RECORDS TO PROCESS START

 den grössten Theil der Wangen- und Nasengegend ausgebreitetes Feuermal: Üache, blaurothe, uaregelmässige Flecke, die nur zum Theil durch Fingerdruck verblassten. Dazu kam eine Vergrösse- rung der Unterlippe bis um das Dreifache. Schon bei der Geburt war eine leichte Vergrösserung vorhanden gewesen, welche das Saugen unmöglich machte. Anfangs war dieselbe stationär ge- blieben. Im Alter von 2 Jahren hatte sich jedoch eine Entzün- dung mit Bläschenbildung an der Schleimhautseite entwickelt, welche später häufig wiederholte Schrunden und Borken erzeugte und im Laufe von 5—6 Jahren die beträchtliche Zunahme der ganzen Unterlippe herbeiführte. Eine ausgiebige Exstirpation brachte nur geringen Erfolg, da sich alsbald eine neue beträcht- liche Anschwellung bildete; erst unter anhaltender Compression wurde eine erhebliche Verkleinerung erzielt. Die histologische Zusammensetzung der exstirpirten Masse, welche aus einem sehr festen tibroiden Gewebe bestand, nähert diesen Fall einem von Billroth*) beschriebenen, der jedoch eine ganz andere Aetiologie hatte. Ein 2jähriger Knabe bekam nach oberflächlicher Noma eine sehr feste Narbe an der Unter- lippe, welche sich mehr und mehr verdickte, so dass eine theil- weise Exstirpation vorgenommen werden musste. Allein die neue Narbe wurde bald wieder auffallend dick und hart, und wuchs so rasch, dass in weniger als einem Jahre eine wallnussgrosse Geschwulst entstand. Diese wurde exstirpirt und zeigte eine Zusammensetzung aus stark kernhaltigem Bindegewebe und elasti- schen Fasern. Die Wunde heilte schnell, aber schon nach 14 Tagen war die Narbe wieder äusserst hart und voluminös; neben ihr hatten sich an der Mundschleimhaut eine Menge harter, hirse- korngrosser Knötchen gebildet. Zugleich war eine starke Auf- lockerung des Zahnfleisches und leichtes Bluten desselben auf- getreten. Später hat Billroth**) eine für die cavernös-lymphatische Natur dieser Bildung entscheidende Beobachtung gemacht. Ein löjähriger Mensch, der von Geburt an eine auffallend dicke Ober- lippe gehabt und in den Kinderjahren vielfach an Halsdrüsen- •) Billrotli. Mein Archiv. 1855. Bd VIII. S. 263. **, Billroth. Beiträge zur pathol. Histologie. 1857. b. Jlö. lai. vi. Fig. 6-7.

RECORDS TO PROCESS END
RECORDS TO PROCESS START

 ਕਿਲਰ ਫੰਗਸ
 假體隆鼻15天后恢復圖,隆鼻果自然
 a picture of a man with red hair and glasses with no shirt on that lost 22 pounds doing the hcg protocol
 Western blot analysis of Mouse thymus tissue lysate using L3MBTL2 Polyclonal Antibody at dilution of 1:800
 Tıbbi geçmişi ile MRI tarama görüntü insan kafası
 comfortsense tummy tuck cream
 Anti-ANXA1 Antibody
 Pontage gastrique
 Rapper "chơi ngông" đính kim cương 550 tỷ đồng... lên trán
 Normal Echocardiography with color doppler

RECORDS TO PROCESS END

ACTION ITEM:
Each line that holds the word "with" should be extracted from the records.

EXERCISE ANSWER:
 a picture of a man with red hair and glasses with no shirt on that lost 22 pounds doing the hcg protocol
 Normal Echocardiography with color doppler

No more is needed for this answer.